The United States has agreed to waive sanctions on Iran’s oil sector as part of a preliminary deal, marking a significant shift in American policy that could revitalize Iran’s battered energy industry. This waiver will allow Iran to export crude oil, petroleum products, and related services—including banking, insurance, and transportation—without facing U.S. penalties.
Previously, sanctions forced Iran to sell most of its oil at steep discounts and largely restricted its customers to Chinese refineries willing to risk violating U.S. rules. Iranian oil exports often relied on so-called shadow tankers, vessels that concealed their identity to evade enforcement measures. The new arrangement aims to normalize trade channels and enable Iran to engage with a broader range of buyers while receiving payments in major currencies.

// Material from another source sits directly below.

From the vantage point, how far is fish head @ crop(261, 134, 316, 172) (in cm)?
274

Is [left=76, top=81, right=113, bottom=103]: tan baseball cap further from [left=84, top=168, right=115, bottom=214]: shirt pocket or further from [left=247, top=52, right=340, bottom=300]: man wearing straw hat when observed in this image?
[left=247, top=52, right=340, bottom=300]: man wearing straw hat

Despite this breakthrough, Iran faces considerable hurdles. Damage to oil infrastructure from ongoing conflicts and the shutdown of key wells due to the sanctions have compromised production capacity. The International Energy Agency recently reported that Iran’s oil output is expected to remain steady but modest, representing a small fraction of the world supply. Revitalizing the sector to pre-sanction levels will demand significant investment and access to advanced technology, which depend on establishing stable diplomatic relations.
The U.S. government also committed to fully terminating all types of sanctions related to Iran’s oil industry within 60 days of a finalized agreement, which the two nations will negotiate. This phase aims to solidify the groundwork for a more normalized economic relationship and alleviate the financial constraints that have long hindered Iran’s economy.